The proposed Pensions (Amendment) Bill, 2026, sponsored
by Emuhaya MP Omboko Milemba, seeks to make pension an absolute right for every
public officer.
If enacted, pension payouts would be handed regardless
of whether a civil servant is dismissed from service after disciplinary
proceedings.
The legislation seeks to amend the Pensions Act and the
Public Service Commission Act by removing provisions that currently deny
pension benefits to officers who lose their jobs through dismissal.
The proposal is likely to spark intense debate within
government and labour circles, with supporters arguing that pension is a
deferred benefit earned through years of service.
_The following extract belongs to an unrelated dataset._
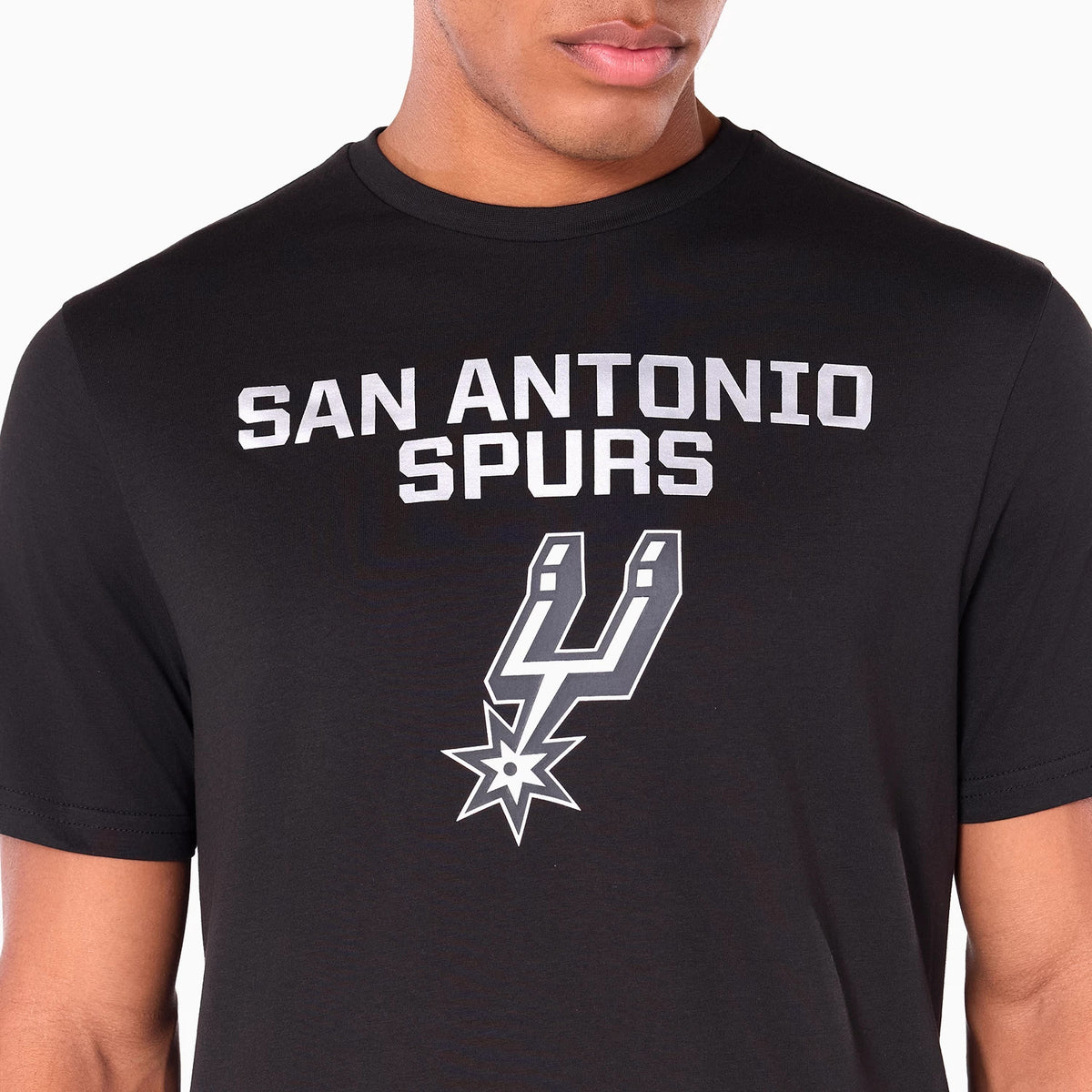 New Era San Antonio Spurs NBA Black T-Shirt, front view showing the large white printed text SAN ANTONIO SPURS across the chest and the team's logo printed prominently in white below on a plain black fabric.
Critics may contend that allowing dismissed officers to
retain pension benefits could weaken disciplinary measures in the public
service.
Under the existing law, a public officer who is
dismissed forfeits all rights to pension, gratuity and other retirement awards
accrued during their service.
The law also extinguishes claims relating to leave and
passages at public expense.
Milemba's Bill seeks to delete the specific provisions
that enable such forfeiture, effectively allowing officers who have accumulated
pensionable years of service to receive retirement benefits even after
dismissal.
According to the memorandum accompanying the Bill, the intention is to guarantee pension rights for all officers and align
labour practices with constitutional protections.
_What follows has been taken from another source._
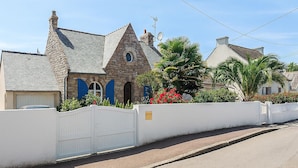 Ein Steinhaus mit weißem Zaun, einer Garage und einer Auffahrt.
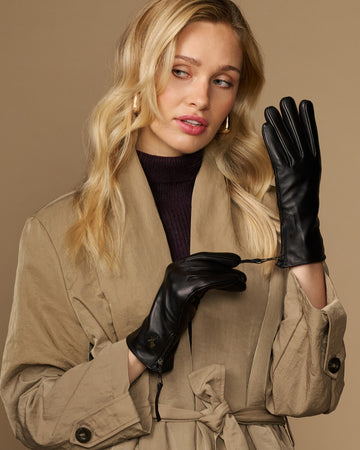 Black lambskin leather gloves with side zipper, worn by a model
“The principal objective of this Bill is to amend the
Pensions Act to make the right to pension an absolute right for every officer,”
the memorandum states.
It adds that the amendment will ensure dismissed public
officers remain eligible for pension benefits while promoting fair labour
practices envisioned under Article 41 of the Constitution.
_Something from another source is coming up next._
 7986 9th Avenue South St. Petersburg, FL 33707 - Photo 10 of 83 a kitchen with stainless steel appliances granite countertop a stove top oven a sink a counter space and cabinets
The proposal comes against the backdrop of increasing
litigation involving retired and dismissed public servants seeking access to
pension benefits after long years of government service.
Labour rights advocates have long argued that pension
should not be treated as a reward granted at the discretion of employers but as
a benefit earned through contributions and years worked.
They maintain that disciplinary sanctions should be
separate from retirement benefits already accrued by employees.
The Bill could particularly benefit public officers who
served for decades before being dismissed near retirement age.
Under the current framework, such officers risk losing
retirement benefits accumulated over many years despite having completed
significant periods of pensionable service.
The proposed law also seeks to change the eligibility framework
as currently contained in the Pensions Act.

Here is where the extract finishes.